*** Opening of The data ***
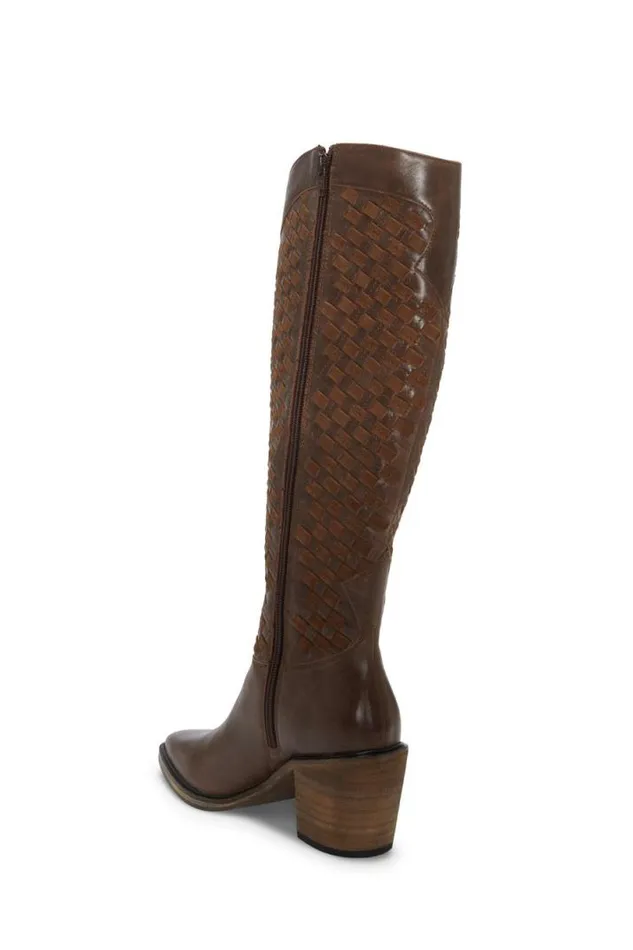 Women Lucky Brand Shoes Abeny Cutout Kneehigh Boot Dark Brown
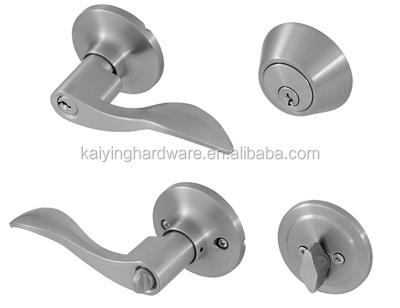 China Front Door Knob Entry Lever Set Front Door Wave Style Lockset and Single Cylinder Deadbolt Combination Set, US15 Satin Nickel Finish for sale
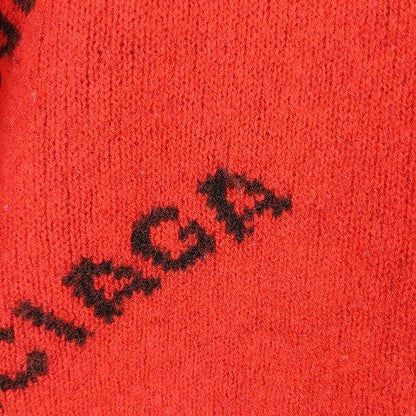 Balenciaga Logo Knit Sweater L Red AA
*** Close of The data ***
The problem:
Return the material from above in full, exactly as written, with the pictures omitted.

Answer space:
 Women Lucky Brand Shoes Abeny Cutout Kneehigh Boot Dark Brown
 China Front Door Knob Entry Lever Set Front Door Wave Style Lockset and Single Cylinder Deadbolt Combination Set, US15 Satin Nickel Finish for sale
 Balenciaga Logo Knit Sweater L Red AA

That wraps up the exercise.